> EXERCISE GOAL
Return only the lines of the listing below that run from the line with "Hear Me Roar" through the line with "1458570593-248907440.jpg 1458570593-248907440.jpg", both ends included, exactly as written.

> THE INPUT
======

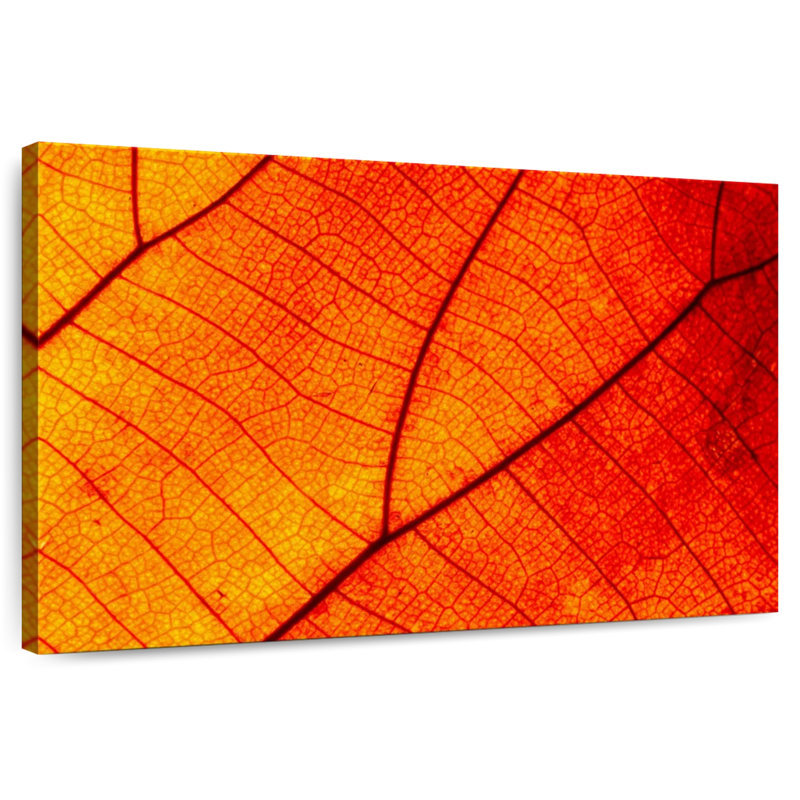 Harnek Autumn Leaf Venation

======

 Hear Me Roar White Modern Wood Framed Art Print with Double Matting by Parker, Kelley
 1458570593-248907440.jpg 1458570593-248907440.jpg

======

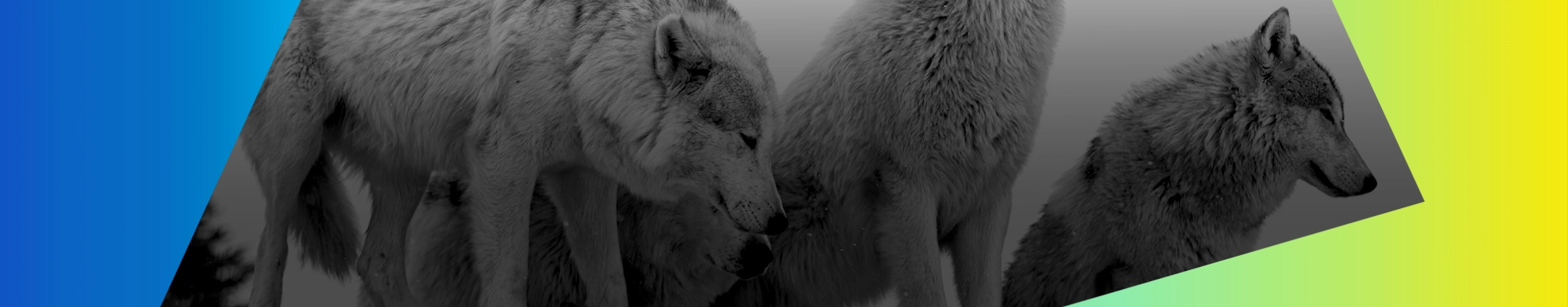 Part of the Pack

======

> EXERCISE ANSWER
 Hear Me Roar White Modern Wood Framed Art Print with Double Matting by Parker, Kelley
 1458570593-248907440.jpg 1458570593-248907440.jpg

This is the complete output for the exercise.